Tal como o próprio anfitrião de Guterres na cimeira. O ditador azeri, Ilham Aliyev, no poder desde 2003. Outro autocrata hiper-nacionalista e cleptocrata num país onde as liberdades essenciais foram suprimidas. Dele se pode dizer que tem a escola toda: sucedeu no poder ao pai, Heydar Aliyev, antigo membro do KGB e dirigente máximo do Partido Comunista quando o Azerbaijão estava integrado na URSS.

Em 2023, já com a invasão da Ucrânia pela Rússia em curso, Aliyev filho não hesitou em ocupar militarmente Nagorno-Carabaque, enclave arménio no Azerbaijão, expulsando mais de cem mil arménios em poucos dias. Brutal violação de direitos humanos que passou quase indiferente à comunidade internacional.

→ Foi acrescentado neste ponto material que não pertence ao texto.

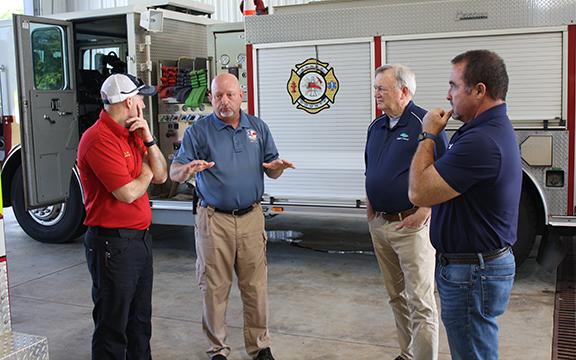 Banks County Captain Chad Nix, and White County’s David Murphy, Terry Goodger and Travis Turner discuss the building of Banks County Fire Station No. 41. (Photo/Eric Tiongson)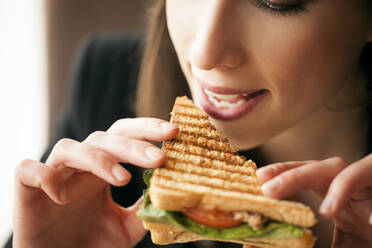 Close up of woman eating sandwich - BLEF14021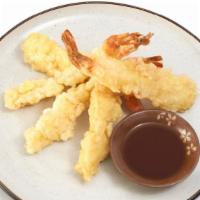 Shrimp Tempura (5 Pcs) · Large shrimp tempura, battered and deep-fried. with a light & crispy coating.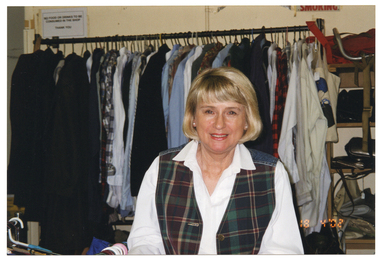 COL medium close up photo of a woman inside a shop. She is wearing a white shirt and a checked tartan vest. She is standing in front of a rack of hanging clothes. Beside the clothes rack are some shelves containing handbags. There are two signs on the wall behind the clothes rack. On the bottom right corner of the photo image, there is a date stamp in bright orange digits: "18 4 '02".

Vê-lo agora travestido em «amigo do clima» causa náuseas a todos quantos não esquecem que Aliyev costuma aludir aos combustíveis fósseis como «dádiva de Deus». Num país em que os jornalistas que se preocupam com questões ambientais estão detidos, como alerta a organização Repórteres Sem Fronteiras.

 

Que Guterres ande rodeado destes péssimos parceiros de percurso, após a humilhante vénia a Vladimir Putin em Kazan, infelizmente, já não surpreende. Revela até que ponto ele tem conduzido a ONU, hoje um dos organismos menos influentes, menos respeitados e menos credíveis à escala mundial.

O facto de abraçar ditadores em nome da "causa climática" não constitui atenuante, mas agravante. Os fins não justificam os meios - nisto como em tudo o resto.